> How to complete this task:
Write out exactly the lines from the one containing "Quick veggie and barley soup" through the last line of the records below, and no others.

(Beginning of Record excerpts)

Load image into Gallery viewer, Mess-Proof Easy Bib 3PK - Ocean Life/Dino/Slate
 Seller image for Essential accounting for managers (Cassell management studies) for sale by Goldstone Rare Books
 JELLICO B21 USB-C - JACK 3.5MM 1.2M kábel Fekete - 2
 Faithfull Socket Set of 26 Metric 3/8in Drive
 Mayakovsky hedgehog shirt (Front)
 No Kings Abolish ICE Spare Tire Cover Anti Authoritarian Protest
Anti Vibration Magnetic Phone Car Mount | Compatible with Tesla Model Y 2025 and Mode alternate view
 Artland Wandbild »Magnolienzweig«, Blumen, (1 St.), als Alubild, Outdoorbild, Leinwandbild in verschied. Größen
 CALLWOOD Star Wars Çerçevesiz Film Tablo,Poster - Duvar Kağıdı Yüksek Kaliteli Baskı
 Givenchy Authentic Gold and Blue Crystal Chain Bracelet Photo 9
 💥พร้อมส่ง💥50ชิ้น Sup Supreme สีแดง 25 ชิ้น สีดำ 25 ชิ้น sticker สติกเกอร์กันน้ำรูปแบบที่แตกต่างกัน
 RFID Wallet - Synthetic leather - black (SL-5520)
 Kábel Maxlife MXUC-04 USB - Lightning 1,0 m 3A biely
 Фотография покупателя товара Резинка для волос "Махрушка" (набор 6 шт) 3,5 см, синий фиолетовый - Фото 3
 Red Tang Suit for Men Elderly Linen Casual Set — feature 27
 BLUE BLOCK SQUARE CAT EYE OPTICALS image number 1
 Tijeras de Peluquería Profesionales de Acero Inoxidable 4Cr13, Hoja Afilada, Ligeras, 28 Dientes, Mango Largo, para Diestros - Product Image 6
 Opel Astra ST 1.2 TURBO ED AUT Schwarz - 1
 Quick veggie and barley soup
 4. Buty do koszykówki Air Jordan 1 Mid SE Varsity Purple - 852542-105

(End of Record excerpts)

> Problem solution:
 Quick veggie and barley soup
 4. Buty do koszykówki Air Jordan 1 Mid SE Varsity Purple - 852542-105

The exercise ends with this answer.